13. The method of claim 12, wherein: concentration of the first polymer in the first solution is between 5 and 35 percent by weight; the second solvent comprises a mixture of dimethylformamide (DMF) and acetone; and concentration of DMF in the second solvent is between 75 and 85 percent by weight.

14. The method of claim 13, wherein viscosity of the first solution is between about 1 and about 50 Pa*s.

15. The method of claim 13, wherein the DC electric field used in the step of electrospinning the solution is 0.9 kV/cm and 1.3 kV/cm.

16. The method of claim 13, wherein the step of collecting is performed so that thickness of the separator is between 10 m and 30 m.

17. The method of claim 12, wherein the step of depositing onto the carbon powder comprises depositing onto the carbon powder one or more of oxides of metals selected from the group consisting of Mn, Fe, Co, Ni, V.

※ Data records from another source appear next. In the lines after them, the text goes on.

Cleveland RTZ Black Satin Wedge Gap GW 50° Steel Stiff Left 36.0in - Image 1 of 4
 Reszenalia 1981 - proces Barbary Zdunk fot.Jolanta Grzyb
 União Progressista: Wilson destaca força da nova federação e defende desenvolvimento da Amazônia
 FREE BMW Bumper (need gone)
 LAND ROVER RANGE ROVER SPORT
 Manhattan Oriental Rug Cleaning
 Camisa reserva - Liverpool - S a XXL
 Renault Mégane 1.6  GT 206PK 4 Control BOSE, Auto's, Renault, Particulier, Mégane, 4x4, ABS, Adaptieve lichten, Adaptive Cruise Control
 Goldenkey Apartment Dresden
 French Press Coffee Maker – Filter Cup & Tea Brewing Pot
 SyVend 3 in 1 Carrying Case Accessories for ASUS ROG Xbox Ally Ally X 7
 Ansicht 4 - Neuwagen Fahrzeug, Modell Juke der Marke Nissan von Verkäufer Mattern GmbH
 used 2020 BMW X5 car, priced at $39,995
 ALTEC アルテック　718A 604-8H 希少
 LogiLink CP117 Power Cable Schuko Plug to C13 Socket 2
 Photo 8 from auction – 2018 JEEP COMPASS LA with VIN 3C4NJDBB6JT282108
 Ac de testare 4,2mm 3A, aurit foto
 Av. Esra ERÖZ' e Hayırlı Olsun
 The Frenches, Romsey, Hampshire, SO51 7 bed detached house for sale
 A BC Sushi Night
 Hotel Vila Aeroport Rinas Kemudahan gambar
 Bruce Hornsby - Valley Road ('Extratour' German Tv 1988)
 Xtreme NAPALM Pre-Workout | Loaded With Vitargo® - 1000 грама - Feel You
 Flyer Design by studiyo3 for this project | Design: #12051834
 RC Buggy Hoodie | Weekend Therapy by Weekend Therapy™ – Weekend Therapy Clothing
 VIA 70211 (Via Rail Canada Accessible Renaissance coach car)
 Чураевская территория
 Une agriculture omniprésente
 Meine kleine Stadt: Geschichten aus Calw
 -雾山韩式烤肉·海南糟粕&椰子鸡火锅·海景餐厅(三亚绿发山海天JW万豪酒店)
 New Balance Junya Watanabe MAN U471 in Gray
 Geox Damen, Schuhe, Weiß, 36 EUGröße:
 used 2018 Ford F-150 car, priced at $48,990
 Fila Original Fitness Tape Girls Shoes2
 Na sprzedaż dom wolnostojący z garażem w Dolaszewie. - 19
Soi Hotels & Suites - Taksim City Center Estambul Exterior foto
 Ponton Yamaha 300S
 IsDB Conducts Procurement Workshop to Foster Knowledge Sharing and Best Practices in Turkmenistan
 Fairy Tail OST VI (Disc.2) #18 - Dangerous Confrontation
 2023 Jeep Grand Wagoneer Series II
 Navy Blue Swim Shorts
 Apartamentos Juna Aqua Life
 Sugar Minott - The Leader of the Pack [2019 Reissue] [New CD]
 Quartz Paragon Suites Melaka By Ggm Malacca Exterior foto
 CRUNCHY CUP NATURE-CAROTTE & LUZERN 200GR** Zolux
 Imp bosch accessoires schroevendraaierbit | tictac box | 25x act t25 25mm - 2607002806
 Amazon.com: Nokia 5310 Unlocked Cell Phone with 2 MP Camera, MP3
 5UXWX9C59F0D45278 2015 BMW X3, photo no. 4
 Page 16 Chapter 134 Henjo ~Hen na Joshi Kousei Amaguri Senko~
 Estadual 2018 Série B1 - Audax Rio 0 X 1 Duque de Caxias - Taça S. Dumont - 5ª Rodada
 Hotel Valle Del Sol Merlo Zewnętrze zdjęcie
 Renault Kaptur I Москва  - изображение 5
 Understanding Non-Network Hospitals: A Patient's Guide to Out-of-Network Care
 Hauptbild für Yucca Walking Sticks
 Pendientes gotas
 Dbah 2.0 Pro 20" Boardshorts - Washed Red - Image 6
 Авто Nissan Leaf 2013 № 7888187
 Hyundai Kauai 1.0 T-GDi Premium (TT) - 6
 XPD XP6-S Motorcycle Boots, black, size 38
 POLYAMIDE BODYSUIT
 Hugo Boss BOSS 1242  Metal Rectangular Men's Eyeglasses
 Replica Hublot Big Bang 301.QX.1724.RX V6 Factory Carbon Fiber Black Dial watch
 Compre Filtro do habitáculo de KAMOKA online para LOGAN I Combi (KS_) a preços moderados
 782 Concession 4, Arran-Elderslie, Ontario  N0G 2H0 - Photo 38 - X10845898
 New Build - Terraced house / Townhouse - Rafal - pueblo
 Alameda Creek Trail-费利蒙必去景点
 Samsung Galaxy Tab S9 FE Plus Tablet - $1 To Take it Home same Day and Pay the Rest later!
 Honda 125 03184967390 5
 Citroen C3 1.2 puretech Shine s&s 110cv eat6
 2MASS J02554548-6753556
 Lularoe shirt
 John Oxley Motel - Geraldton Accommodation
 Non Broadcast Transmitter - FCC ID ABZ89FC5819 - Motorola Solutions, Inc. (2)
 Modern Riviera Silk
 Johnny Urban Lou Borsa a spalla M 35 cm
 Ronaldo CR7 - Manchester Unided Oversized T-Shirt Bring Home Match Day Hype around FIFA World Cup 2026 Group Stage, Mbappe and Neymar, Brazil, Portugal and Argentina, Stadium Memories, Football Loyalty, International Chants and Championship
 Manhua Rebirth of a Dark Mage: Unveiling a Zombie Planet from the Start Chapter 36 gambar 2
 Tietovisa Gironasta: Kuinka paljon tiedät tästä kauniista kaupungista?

18. A method of making an electrochemical double layer capacitor, the method comprising: a. manufacturing the component in accordance with claim 12; b. providing a second half-cell; and c. combining the component, the second half-cell, and electrolyte to obtain the electrochemical double layer capacitor.

19. A method of making a hybrid supercapacitor, the method comprising: a. manufacturing the component in accordance with claim 12; b. providing a second half-cell; and c. combining the component, the second half-cell, and electrolyte to obtain the hybrid supercapacitor.

20. A method of making an electrical energy storage device, the method comprising: a. manufacturing the component in accordance with claim 12; b. providing at least one other component; and c. combining the component and the at least one other component to obtain the electrical energy storage device.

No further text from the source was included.